A Possibility alone is an Icon purely by virtue of its quality; and its object can only be a Firstness. But a sign may be iconic, that is, may represent its object mainly by its similarity, no matter what its mode of being. If a substantive be wanted that means if you want a noun, an iconic representamen may be termed a hypoicon. Any material image, as a painting, is largely conventional in its mode of representation; but in itself, without legend or label it may be called a hypoicon.


Here’s my take on Peirce’s enigmatic statement. Images, diagrams, and metaphors are not examples of the first level of sign, but partakers of its various modes. The Greek word hypo means “below” or “beneath.” So I don’t think hypoicons are icons in themselves. They are elements that underlie an icon. Thus, metaphors, images, and diagrams are subcomponents of an icon and not icons in themselves. This distinction is important for my theory of poetic iconicity.

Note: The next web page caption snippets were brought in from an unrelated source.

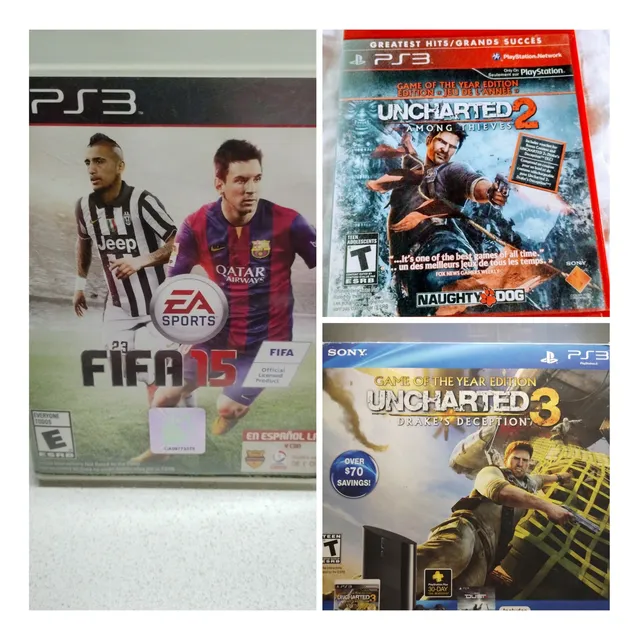 Últimos 3 Juegos Fifa /uncharted 2 Y Uncharted 3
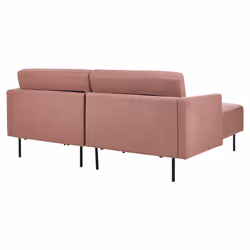 Corner Sofa BREDA Fabric Pink 2 Seater Right Hand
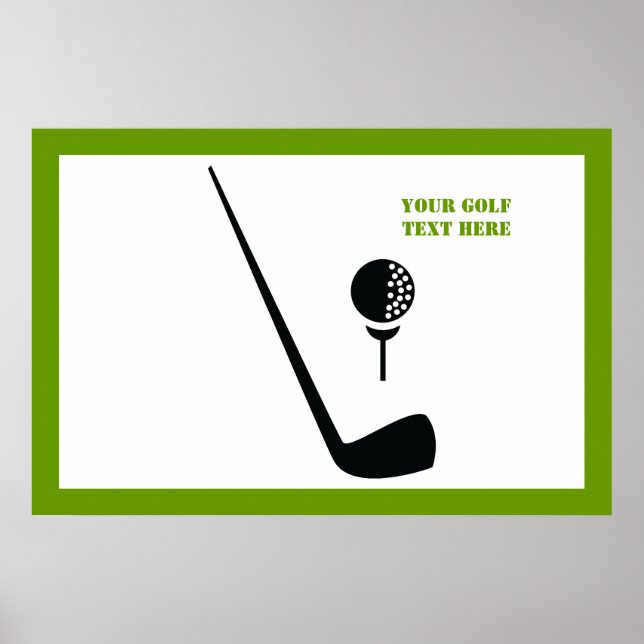 Golf Club und Kugel schwarz, grüne Gewohnheit Poster (Vorne)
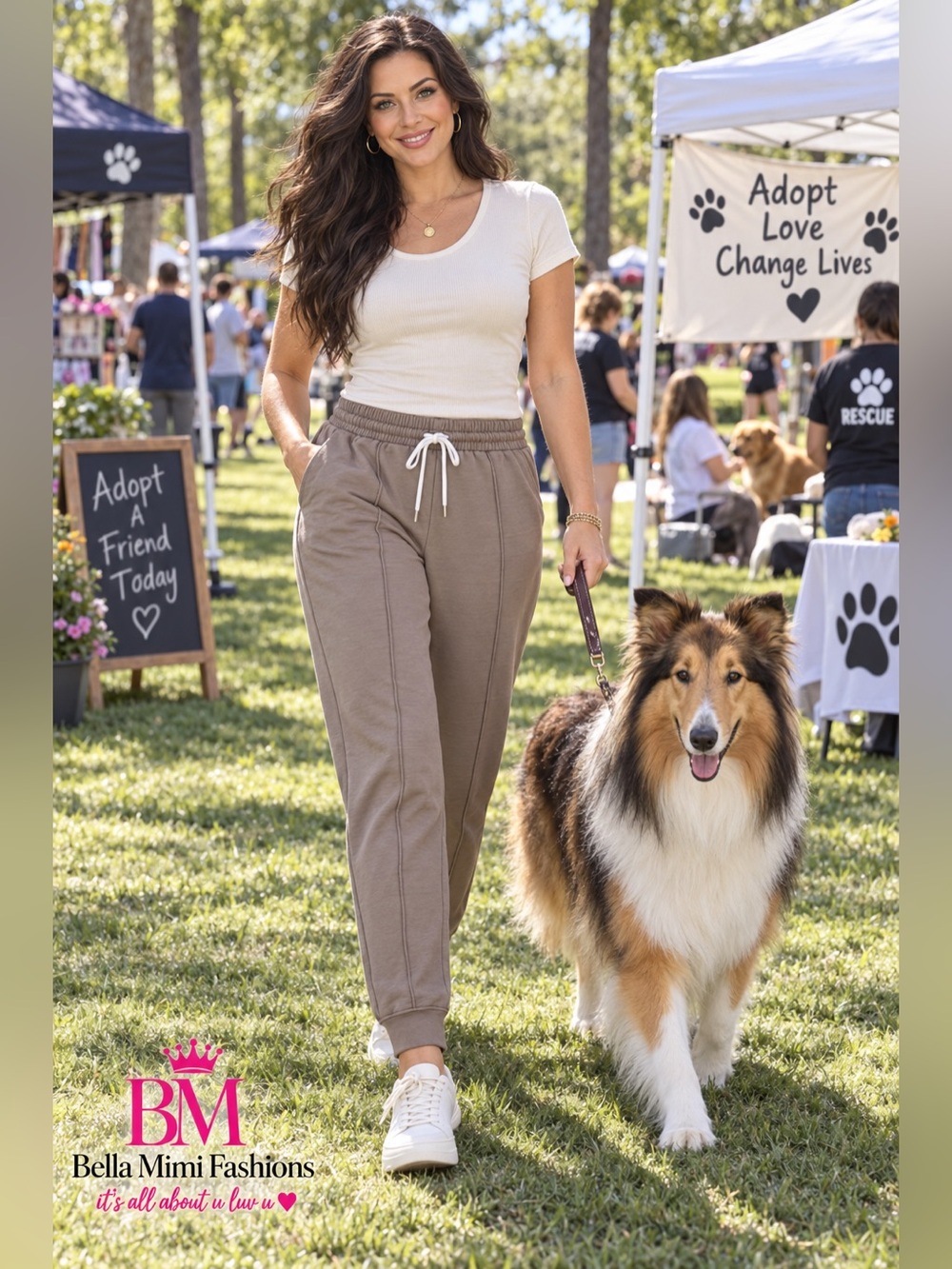 Taupe Jogger Pants for Women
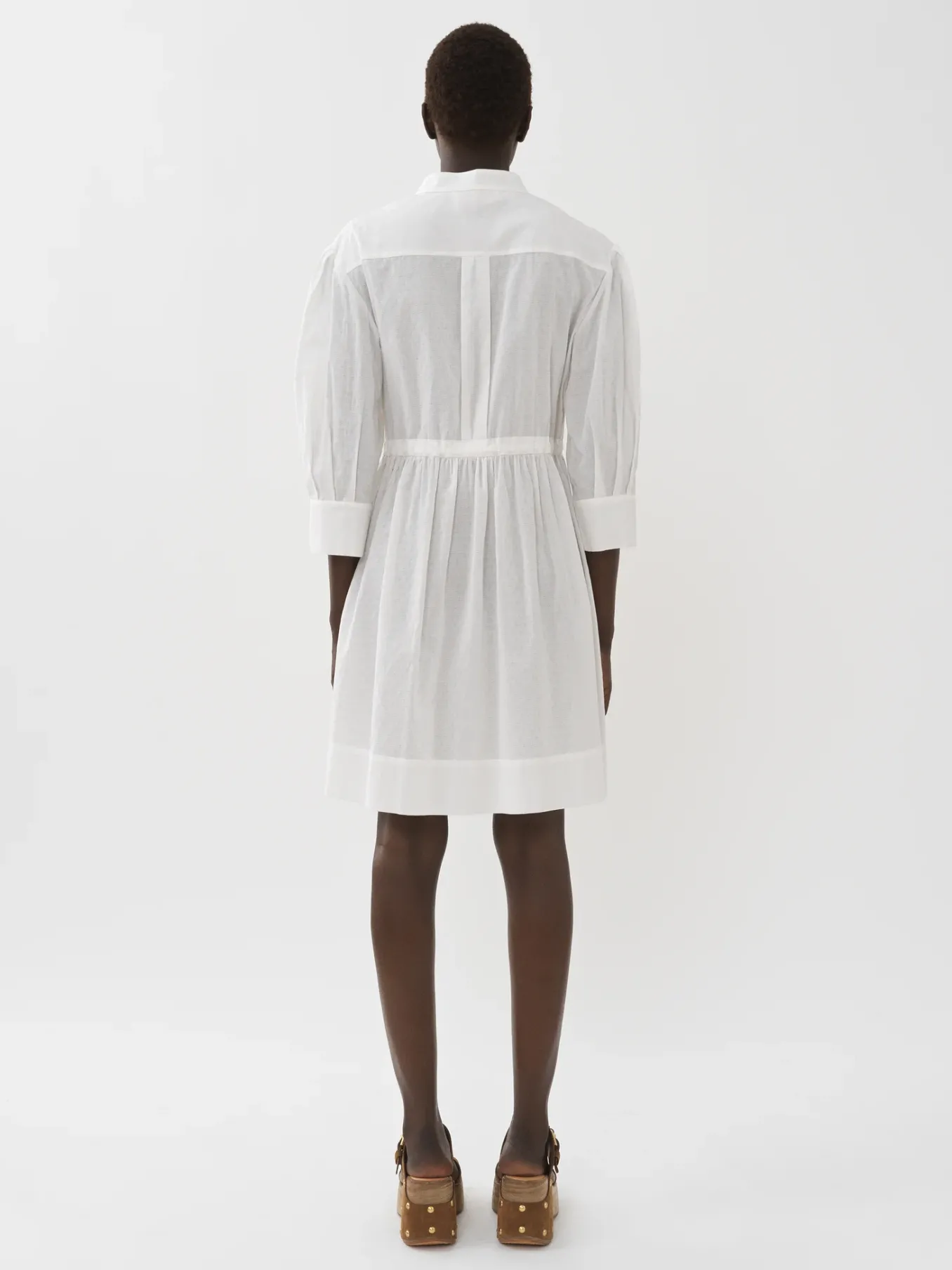 Vêtements-Chloé Robe Chemise Col-Trompe L'Oeil Whisper White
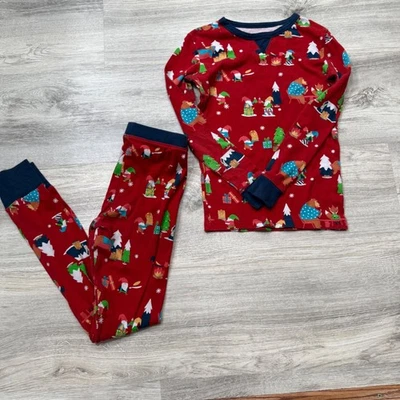 Wondershop Kids Red Holiday Pajama Set, Gnome Bear Tree Print, Long Sleeve, Cozy - Image 1 of 4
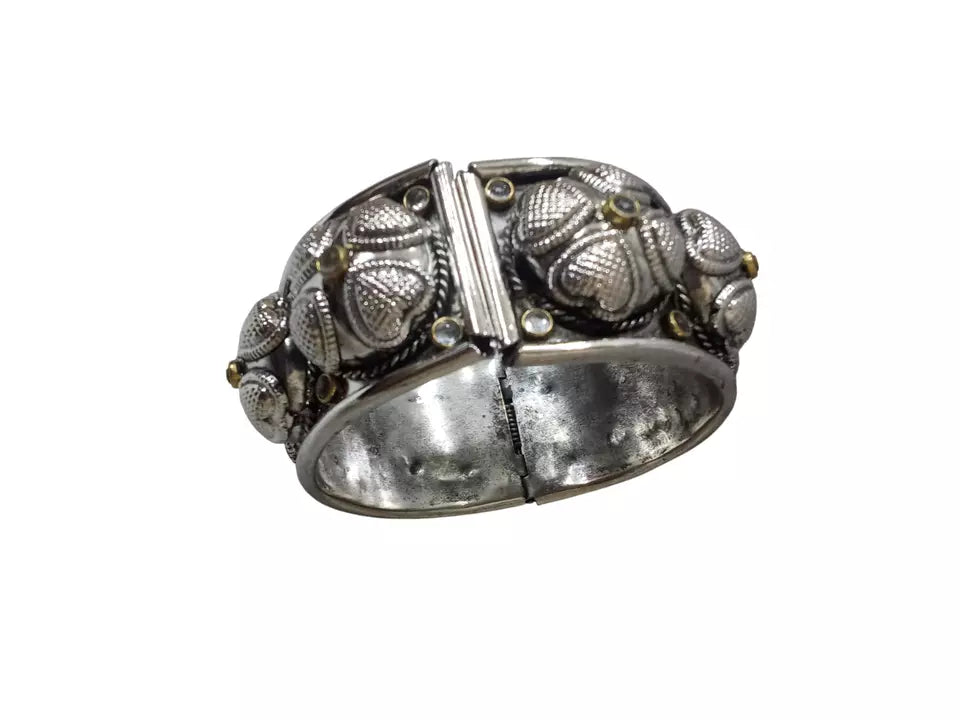 Women Oxidised Side Openable Bracelet Bangles Brass Rajasthani By Kalra Creations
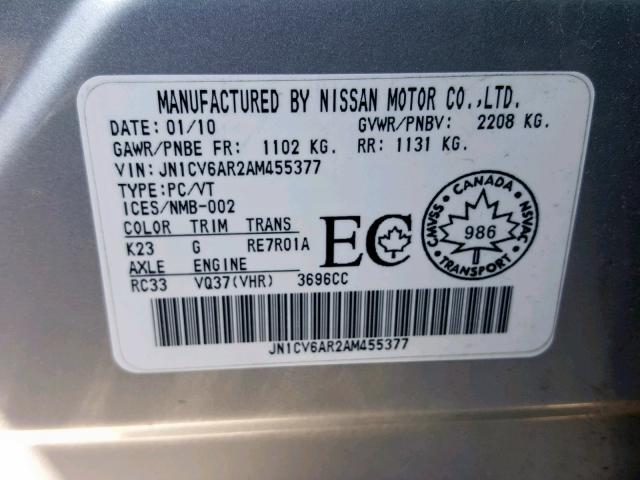 JN1CV6AR2AM455377 - 2010 INFINITI G37 SILVER photo 10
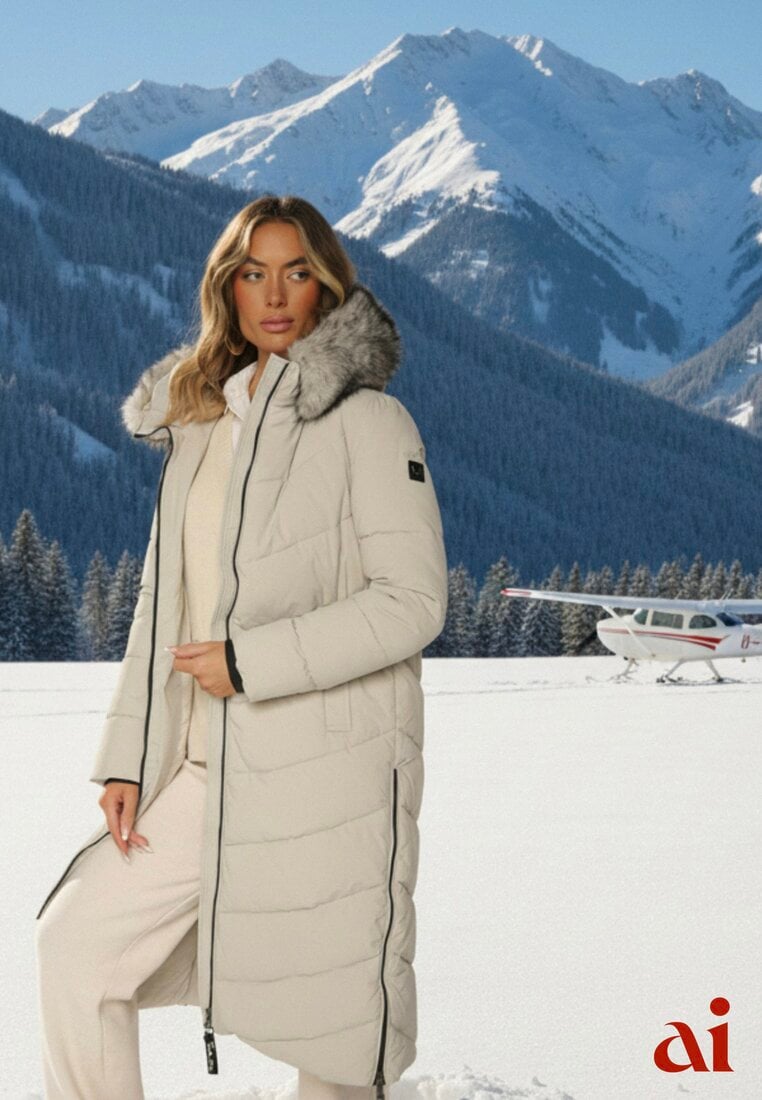 Beżowa Pikowana Kurtka o Długim Kroju z Kapturem z Futrem Galianesa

To sum up so far, the poetic icon is an amalgam of semiotic, linguistic, religious, and popular usage. It connects a product of human cognition, language, art, or artifact, with some aspect of the experienced world, material or immaterial. It enables us to connect with something beyond what is presented. It has meaningful and affective significance to someone, a group, or a culture. It has evaluative power: whether something is or isn’t iconic. To explain how the poetic icon works, I turn to Fauconnier and Turner’s conceptual integration theory. How many of you are familiar with blending? I’ll try to explain the theory briefly.


The blending model shows how new information can be created from old. For example, say you’ve just met a young woman, Line, at the conference registration area. You don’t know who she is, but a colleague tells you “Line is the daughter of Per Aage.” You are now in possession of new information. That is an example of a very simplex blending. The generic space carries shared structural information that enables blending to happen. The two input spaces contain roles and values. An identity principle matches the roles to values across the two input spaces. These are then projected into a new, blended, space that contains the emergent structure that Line is the daughter of Per Aage.
Blending is a process that ranges from very simple to very complex.


If you now take Peirce’s structure of an icon and apply the blending model, metaphor becomes the element of the generic structure that bridges image and diagram to result in the emergent structure of the icon. This is a very simplistic skeleton of the processes involved. But it is crucial in understanding how metaphor works in creating a poetic icon, which is the main subject of my talk today.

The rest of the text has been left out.